Aynı durum müşterisinden çok kendi imajıyla ilgilenen markalar için de geçerli ve bu da Samsung’un PR oyununa gelen Başkan Obama örneğinde gördüğümüz gibi, birçok markanın yanlış anlaşılma korkusuyla selfie çekmekten vazgeçmesine yol açtı.
Elbette hiçbir marka “Ayna ayna, söyle bana, benden güzeli var mı hayatta?” egosuna kapılmamalı. Marka imajı tabii ki önemli; fakat marka imajının müşterinin ilgisini çekecek ve müşteri sadakatini arttıracak şekilde doğru kullanılması gerekiyor. Öyleyse markalar selfie’yi ne zaman, ne kadar kullanmalı?
Beyaz Saray’ın selfie macerası
Amerika’nın ünlü beysbol takımı Red Sox’un tanınmış oyuncusu David Ortiz 1 Nisan 2014’te Başkan Obama ile selfie çekti. Harika bir fotoğraftı, ABD başkanını hiç bu kadar sempatik bir poz verirken görmemiştim. Ancak bu selfie Başkan Obama için aynı zamanda kötü bir 1 Nisan şakası oldu, çünkü Ortiz selfie’yi Twitter’da paylaştı ve Samsung da bunu retweet etti.
Diyeceksiniz ki bunda ne var? Çok şey var! Ortiz selfie çektirmeden önce Samsung reklamlarında oynamak için şirketle anlaşma yapmıştı. Beyaz Saray bu yüzden Ortiz’in Başkan Obama’yı haber vermeden Samsung reklamında kullandığından şüphelendi.
Ortiz bunu Samsung adına yapmadığını söyledi fakat Beyaz Saray az daha resmi görevlilerin selfie çekmesini yasaklıyordu. Markalar bundan ders çıkarmalı: Doğru yerde ve doğru zamanda, doğru kişi ile çekilen selfie; Instagram, Twitter ve Facebook’ta harikalar yaratabilir ama abartmamak lazım.
Hiç öteye gitmeyin, Justin Bieber’in selfie’lerini düşünün ya da Facebook sayfasında hayranlarından çok kendi fotoğraflarını paylaşan sinema oyuncuları ve şarkıcıların tavrına dikkat edin. Marka olarak sadece “Ben! Ben! Ben var ya ben!” derseniz müşteri kazanmak yerine müşteri kaybedebilirsiniz.

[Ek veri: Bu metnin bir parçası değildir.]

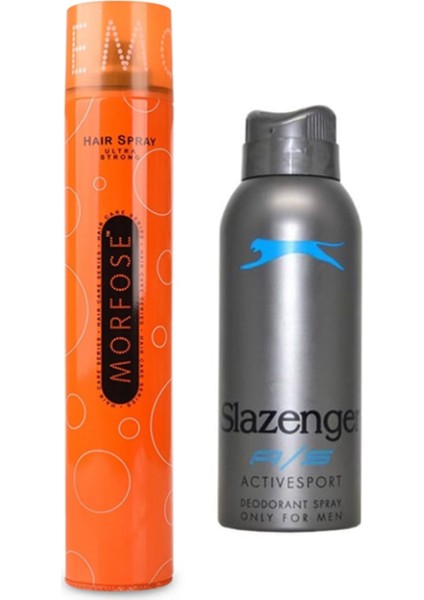 Saç Spreyi Ultra Strong Turuncu 400 ml + Slazenger Active Sport Mavi Deodorant 150 ml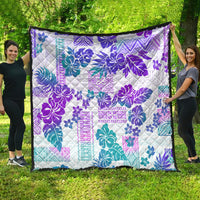 Vintage Hawaii Quilt Hibiscus Tapa Tribal With Hawaiian Quilt Pattern Purple - Wonder Print Shop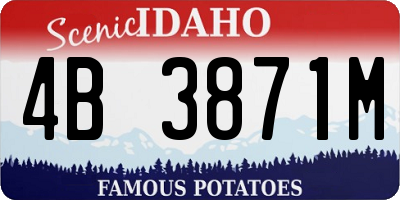 ID license plate 4B3871M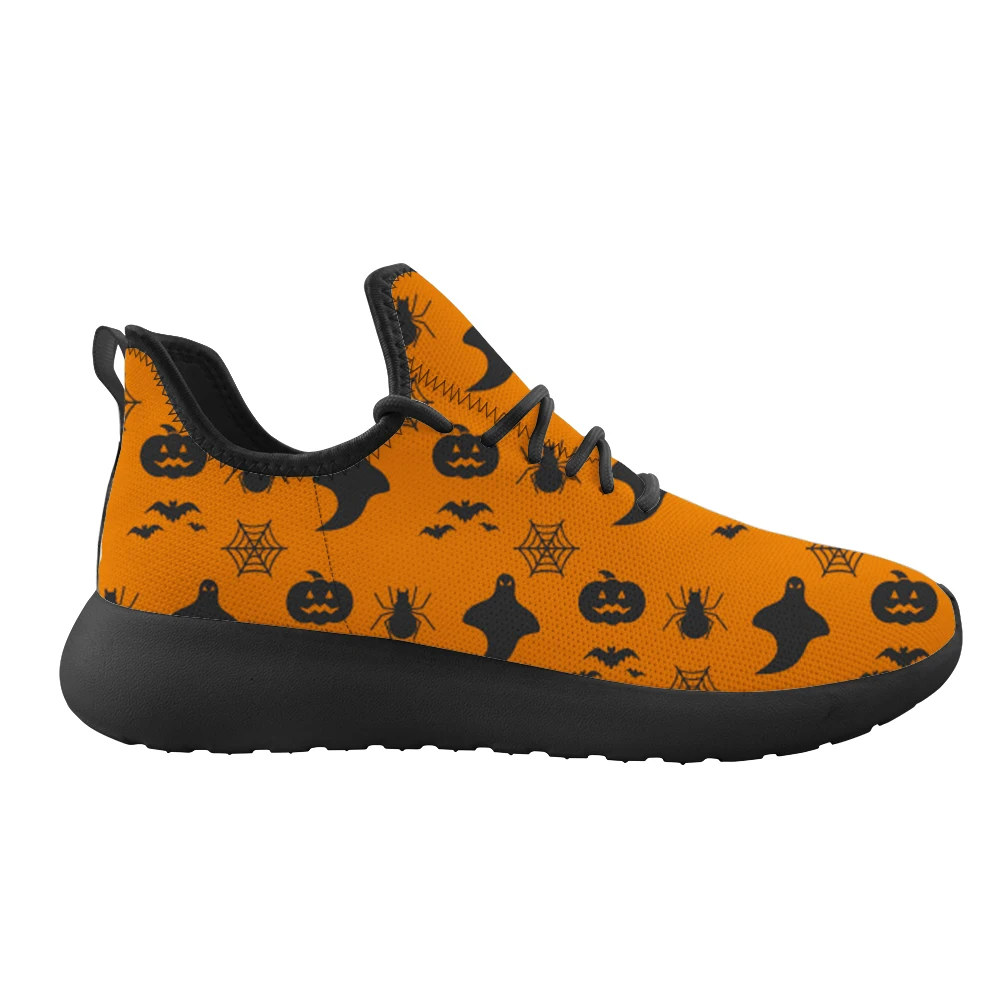 

Custom Halloween Gloomy Terror Style Printing Design Sneakers Men Pumpkin Ghost Pattern Mesh Breathable Outdoor Zapatos De Mujer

Hangi müşteri sadece kendisiyle ilgilenen ama tüketicinin taleplerini, algılarını dikkate almayan bir markadan alışveriş yapmak ister?
Sosyal medyada ilk selfie’nizi ne zaman çektiniz?
Hemen hepimiz sosyal medyada en az bir kez selfie çekmişizdir. Özellikle de MySpace kuşağı herkesten önce selfie çekiyordu. Hatta MySpace zamanında selfie çekmek teşvik edilirdi. Tabii selfie’yi kiminle çektiğiniz de önemli:
Tanınmış bir markanın popüler temsilcisinin kötü imajlı veya bakımsız bir kişinin yanında selfie çektirmesi yanlış anlaşılabilir. İnsanlar bu adam kimlerle geziyor, bu şaibeli kişiyle mi takılıyor diye sorabilir veya toplumsal duyarlılıklarınızı sorgulayabilirler. İşin sonu ayrımcılığa kadar giderek markanıza zarar verebilir. Bu tür kazalardan kaçınmak için yazıya selfie’nin tarihi ile devam edelim.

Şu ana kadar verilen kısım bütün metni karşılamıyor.